The square roots in the definition are 'almost' $x$ or $y$, but just slightly modified to allow for the cases $x=0$ or $y=0$. So intuitively, $d(x,y)$ is about the same as $\frac{|x-y|}{|x|\cdot |y|}$, for large numbers $x,y$:

$$\frac{1}{2}\cdot \left| \frac{1}{x} - \frac{1}{y}\right| = \frac{|x-y|}{2 |x| \cdot |y|} \leq d(x,y)\leq \frac{|x-y|}{|x|\cdot |y|} = \left|\frac{1}{x}-\frac{1}{y}\right|$$ for $|x|,|y|\geq 1$.

Consider the sequence $(n)_{n\in \mathbb{N}}$. For $n,m\geq n_0$ we have $$d(n,m) \leq \left|\frac{1}{n}-\frac{1}{m}\right|\leq \frac{2}{n_0}$$ So it is a Cauchy sequence.

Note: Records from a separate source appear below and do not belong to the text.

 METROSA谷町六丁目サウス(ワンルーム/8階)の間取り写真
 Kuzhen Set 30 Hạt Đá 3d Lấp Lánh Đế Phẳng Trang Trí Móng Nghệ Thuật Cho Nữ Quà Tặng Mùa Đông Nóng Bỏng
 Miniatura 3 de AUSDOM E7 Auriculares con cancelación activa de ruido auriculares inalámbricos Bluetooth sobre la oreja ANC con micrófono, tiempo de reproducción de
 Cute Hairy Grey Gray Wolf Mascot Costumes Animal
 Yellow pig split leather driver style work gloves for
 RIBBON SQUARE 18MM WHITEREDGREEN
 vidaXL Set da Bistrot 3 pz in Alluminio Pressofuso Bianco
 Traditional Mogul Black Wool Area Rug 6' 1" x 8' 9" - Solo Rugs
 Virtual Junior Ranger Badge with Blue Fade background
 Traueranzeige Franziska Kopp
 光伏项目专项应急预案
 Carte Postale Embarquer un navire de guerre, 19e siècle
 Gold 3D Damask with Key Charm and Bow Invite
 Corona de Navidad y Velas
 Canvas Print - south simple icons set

For every $x\in\mathbb{R}$ with $|x|\geq 1$, $$d(x,n) \geq \frac{1}{2}\left|\frac{1}{x} - \frac{1}{n}\right|,$$ which converges to $\frac{1}{2|x|}>0$ for $n\to \infty.$

For $x\in\mathbb{R}$ with $|x|< 1$, $$d(x,n)\geq \frac{|1-n|}{\sqrt{2}\cdot \sqrt{2 n^2}} = \frac{1}{2} \cdot \left|\frac{1}{n} - 1\right|,$$ which converges to $\frac{1}{2}>0$.

So the (Cauchy) sequence $(n)_{n\in \mathbb{N}}$ does not converge to any $x\in\mathbb{R}$ and the metric is not complete.